A-t-on encore besoin des managers ?

Je me pose de plus en plus souvent la question. J’ai travaillé avec des entreprises innovantes qui réussissent, sans qu’il n’y ait de managers à proprement parler. Je pense notamment à Morning Star, la plus grande entreprise de transformation de tomates au monde, dans laquelle il n’y a pas de postes de managers fixes. En revanche, tous les employés ont des responsabilités managériales.
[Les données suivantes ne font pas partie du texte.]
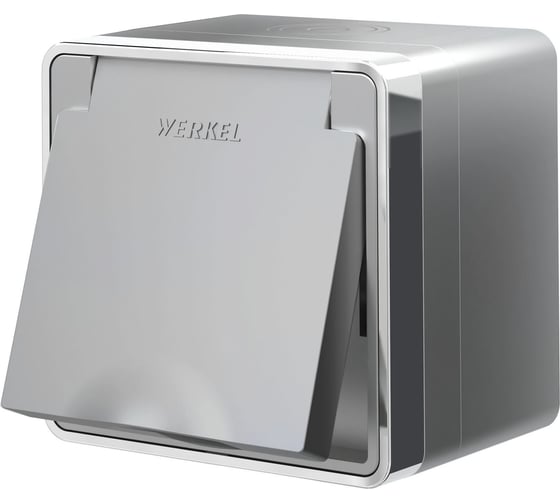 Влагозащищенная розетка WERKEL W5071206 с заземлением, с защитной крышкой и шторками  a052775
En France, je pense aussi à Michelin et à ses expérimentations avec de nouveaux modèles de management. Dans certaines usines que j’ai visitées, le groupe laisse vraiment la liberté aux employés de décider de leur propre organisation. A mesure que les entreprises se transformeront, il n’y aura bientôt plus une catégorie séparée d’employés appelés « managers ». Les tâches de management seront distribuées plus équitablement entre tous les employés.

Certains vantent les mérites de l’hola­cratie. Pensez-vous qu’il s’agisse d’une bonne alternative à nos modèles actuels ?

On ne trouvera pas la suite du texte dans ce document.